[[ Provided material open ]]

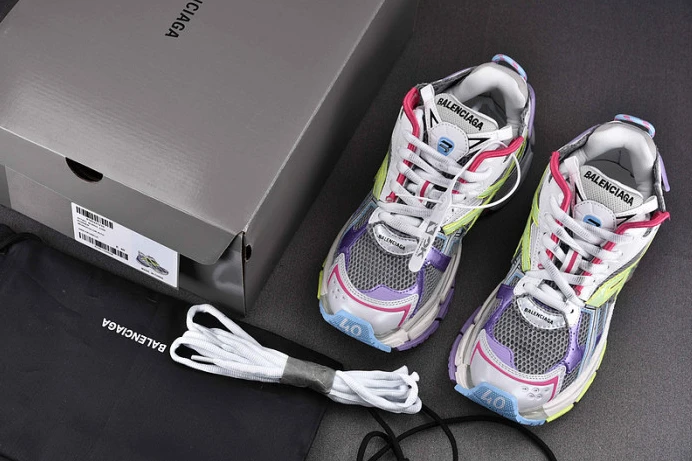 ModernLook Ba*len*cia*ga runner 2179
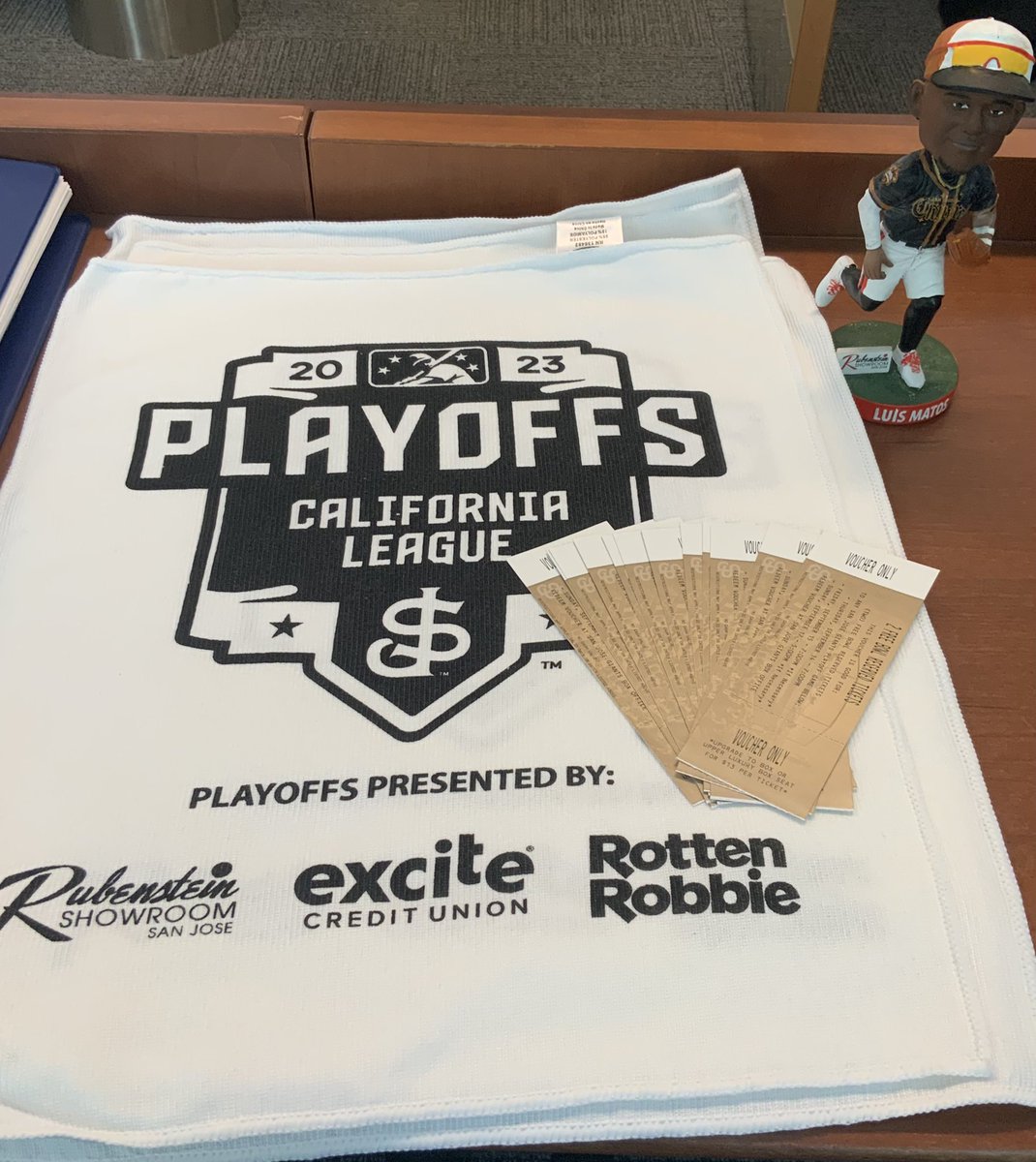 KinSJSU's tweet photo. The @SJGiants  just dropped off free tickets for tomorrows playoff game! If you are interested, stop by the main office between 8-3:30. First come first serve! https://t.co/lkbQNvJHhw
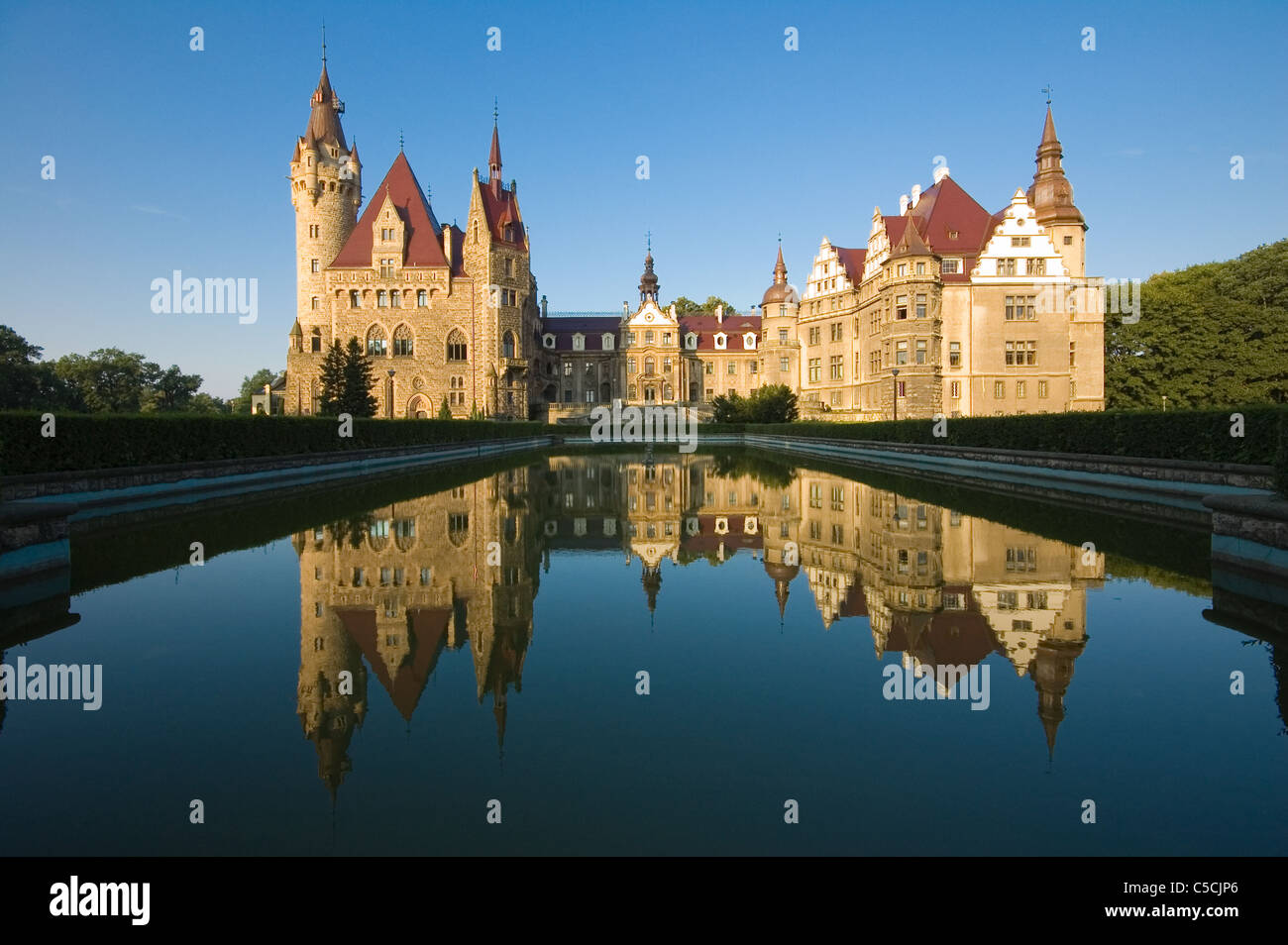 Château fabuleux à Moszna, près de Opole, Silésie, Pologne Banque D'Images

[[ Provided material closed ]]

What you will do
All of the data is to be reproduced exactly, with the pictures left out.

Reply
 ModernLook Ba*len*cia*ga runner 2179
 KinSJSU's tweet photo. The @SJGiants  just dropped off free tickets for tomorrows playoff game! If you are interested, stop by the main office between 8-3:30. First come first serve! https://t.co/lkbQNvJHhw
 Château fabuleux à Moszna, près de Opole, Silésie, Pologne Banque D'Images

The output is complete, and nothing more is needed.